*** INFORMATION SHOWN ***

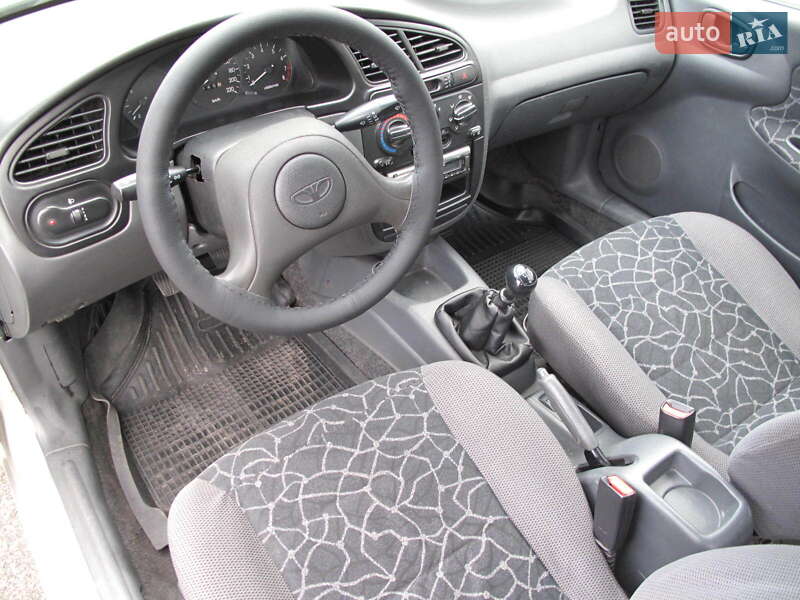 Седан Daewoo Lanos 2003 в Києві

*** End of INFORMATION SHOWN ***
*** INFORMATION SHOWN ***

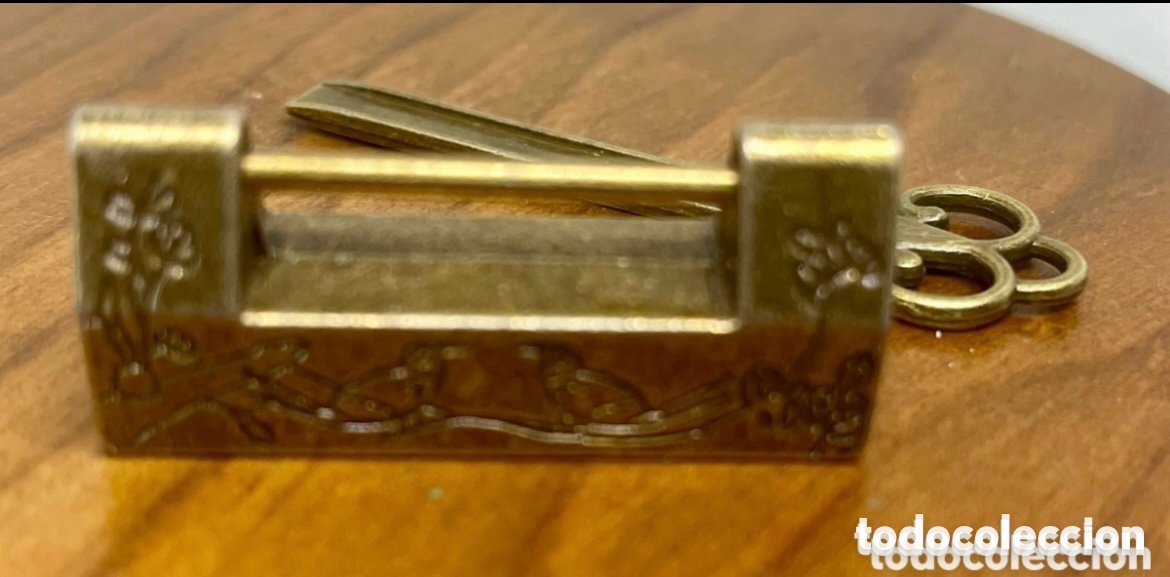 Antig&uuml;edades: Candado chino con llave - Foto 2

*** End of INFORMATION SHOWN ***
*** INFORMATION SHOWN ***

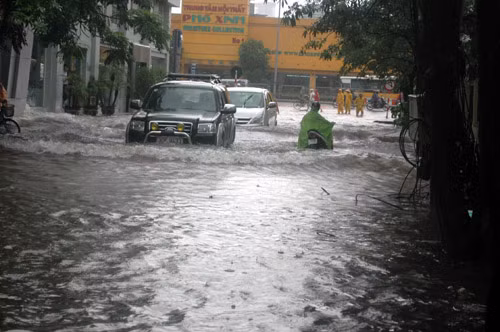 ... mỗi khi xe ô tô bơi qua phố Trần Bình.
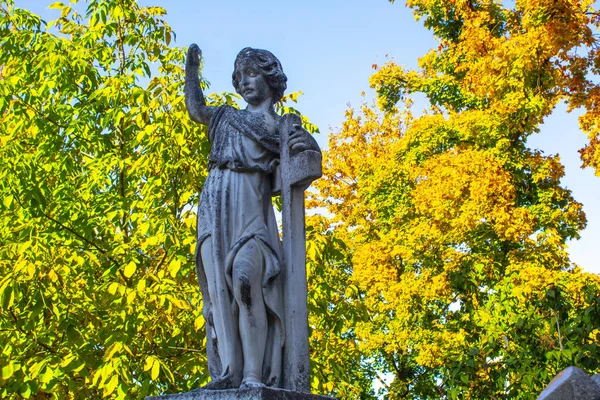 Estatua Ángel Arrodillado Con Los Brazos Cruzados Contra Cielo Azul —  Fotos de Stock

*** End of INFORMATION SHOWN ***

PROBLEM:
Given the records above, return the lines starting at the one that holds "phố Trần Bình." and ending at the one that holds "Estatua Ángel Arrodillado", exactly, and nothing besides; leave every picture out.

OUTPUT BELOW:
 ... mỗi khi xe ô tô bơi qua phố Trần Bình.
 Estatua Ángel Arrodillado Con Los Brazos Cruzados Contra Cielo Azul —  Fotos de Stock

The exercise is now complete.